[Brief descriptive captions]

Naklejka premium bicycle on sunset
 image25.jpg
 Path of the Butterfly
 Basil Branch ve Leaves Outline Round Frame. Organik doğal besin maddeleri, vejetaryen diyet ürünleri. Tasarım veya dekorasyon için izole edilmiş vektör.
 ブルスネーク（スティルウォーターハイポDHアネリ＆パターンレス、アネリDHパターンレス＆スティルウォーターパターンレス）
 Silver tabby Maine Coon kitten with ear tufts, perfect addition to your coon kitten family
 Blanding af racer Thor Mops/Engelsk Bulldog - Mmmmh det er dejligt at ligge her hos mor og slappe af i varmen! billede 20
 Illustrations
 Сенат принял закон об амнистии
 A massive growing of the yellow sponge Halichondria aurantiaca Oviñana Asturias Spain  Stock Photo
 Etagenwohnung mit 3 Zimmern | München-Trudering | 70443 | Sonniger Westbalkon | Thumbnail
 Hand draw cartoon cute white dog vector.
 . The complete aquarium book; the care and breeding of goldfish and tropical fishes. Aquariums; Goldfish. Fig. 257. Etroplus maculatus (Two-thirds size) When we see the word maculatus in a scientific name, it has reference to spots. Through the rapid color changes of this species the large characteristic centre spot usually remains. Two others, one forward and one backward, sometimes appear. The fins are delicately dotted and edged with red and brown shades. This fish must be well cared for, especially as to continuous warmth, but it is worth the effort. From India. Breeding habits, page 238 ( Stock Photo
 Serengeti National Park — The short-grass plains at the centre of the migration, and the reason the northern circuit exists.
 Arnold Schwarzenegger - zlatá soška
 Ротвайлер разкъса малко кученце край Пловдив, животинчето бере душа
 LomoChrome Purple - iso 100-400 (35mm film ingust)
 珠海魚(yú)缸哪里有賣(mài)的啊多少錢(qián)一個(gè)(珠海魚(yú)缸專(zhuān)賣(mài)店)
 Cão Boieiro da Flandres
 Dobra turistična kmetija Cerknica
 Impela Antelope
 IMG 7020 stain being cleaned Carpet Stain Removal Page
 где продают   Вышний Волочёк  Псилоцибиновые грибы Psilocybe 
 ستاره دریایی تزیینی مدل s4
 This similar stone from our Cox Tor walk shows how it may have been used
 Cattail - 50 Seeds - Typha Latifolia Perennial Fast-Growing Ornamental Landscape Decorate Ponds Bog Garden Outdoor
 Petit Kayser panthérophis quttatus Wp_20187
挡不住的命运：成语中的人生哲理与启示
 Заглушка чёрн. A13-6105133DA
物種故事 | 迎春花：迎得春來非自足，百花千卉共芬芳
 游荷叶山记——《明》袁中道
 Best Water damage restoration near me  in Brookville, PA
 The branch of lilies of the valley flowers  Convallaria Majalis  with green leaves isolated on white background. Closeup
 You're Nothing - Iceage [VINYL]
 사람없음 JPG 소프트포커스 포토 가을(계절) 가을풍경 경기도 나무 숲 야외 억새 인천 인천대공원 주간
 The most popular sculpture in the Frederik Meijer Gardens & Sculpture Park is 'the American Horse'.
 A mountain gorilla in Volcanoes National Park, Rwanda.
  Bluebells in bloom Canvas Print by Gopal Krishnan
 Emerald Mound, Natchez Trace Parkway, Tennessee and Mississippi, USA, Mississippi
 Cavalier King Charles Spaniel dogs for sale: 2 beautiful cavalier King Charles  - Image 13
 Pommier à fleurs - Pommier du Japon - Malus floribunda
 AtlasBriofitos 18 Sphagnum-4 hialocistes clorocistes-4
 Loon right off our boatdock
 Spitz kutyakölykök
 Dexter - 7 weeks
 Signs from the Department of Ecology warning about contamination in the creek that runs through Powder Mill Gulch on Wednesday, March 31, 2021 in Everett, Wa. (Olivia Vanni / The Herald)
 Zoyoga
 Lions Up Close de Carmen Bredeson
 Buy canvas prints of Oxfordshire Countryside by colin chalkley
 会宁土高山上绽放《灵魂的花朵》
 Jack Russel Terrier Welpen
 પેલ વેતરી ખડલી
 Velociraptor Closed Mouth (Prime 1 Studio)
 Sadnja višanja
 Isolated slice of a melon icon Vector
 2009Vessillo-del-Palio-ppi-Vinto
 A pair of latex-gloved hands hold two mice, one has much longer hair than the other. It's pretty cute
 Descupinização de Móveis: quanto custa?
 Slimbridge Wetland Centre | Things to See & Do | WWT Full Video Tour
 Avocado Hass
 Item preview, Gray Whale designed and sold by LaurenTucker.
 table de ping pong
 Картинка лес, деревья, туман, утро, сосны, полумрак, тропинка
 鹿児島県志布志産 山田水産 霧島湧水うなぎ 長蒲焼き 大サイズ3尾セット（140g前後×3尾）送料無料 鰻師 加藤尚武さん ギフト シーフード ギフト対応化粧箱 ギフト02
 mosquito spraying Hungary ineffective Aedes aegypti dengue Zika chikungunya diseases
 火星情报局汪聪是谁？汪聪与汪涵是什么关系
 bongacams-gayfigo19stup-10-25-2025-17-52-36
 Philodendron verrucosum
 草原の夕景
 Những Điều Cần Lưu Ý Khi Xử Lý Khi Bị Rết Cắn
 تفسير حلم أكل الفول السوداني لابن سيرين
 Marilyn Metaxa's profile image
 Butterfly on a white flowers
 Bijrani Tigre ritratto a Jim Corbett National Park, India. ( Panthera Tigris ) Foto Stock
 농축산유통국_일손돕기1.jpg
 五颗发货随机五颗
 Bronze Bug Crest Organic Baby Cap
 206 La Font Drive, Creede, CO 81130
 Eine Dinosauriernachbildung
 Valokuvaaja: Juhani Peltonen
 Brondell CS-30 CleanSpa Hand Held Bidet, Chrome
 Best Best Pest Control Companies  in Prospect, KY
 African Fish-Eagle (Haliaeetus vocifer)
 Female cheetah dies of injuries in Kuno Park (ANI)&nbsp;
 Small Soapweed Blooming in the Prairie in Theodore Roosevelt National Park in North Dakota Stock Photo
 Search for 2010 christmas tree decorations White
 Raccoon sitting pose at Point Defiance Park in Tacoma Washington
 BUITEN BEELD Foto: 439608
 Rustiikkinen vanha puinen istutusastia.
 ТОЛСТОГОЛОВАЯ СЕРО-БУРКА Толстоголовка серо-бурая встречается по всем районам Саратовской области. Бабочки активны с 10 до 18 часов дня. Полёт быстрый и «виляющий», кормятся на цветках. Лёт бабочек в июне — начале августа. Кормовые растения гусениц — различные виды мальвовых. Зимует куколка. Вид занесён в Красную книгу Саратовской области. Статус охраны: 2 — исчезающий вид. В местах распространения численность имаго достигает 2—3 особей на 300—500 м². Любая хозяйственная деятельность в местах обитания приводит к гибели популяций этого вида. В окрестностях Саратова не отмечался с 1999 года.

> _About this task_
Start with the line above that contains "LomoChrome Purple - iso" and end with the line that contains "This similar stone". Write out those lines exactly, and only those.

> _Task solution_
 LomoChrome Purple - iso 100-400 (35mm film ingust)
 珠海魚(yú)缸哪里有賣(mài)的啊多少錢(qián)一個(gè)(珠海魚(yú)缸專(zhuān)賣(mài)店)
 Cão Boieiro da Flandres
 Dobra turistična kmetija Cerknica
 Impela Antelope
 IMG 7020 stain being cleaned Carpet Stain Removal Page
 где продают   Вышний Волочёк  Псилоцибиновые грибы Psilocybe 
 ستاره دریایی تزیینی مدل s4
 This similar stone from our Cox Tor walk shows how it may have been used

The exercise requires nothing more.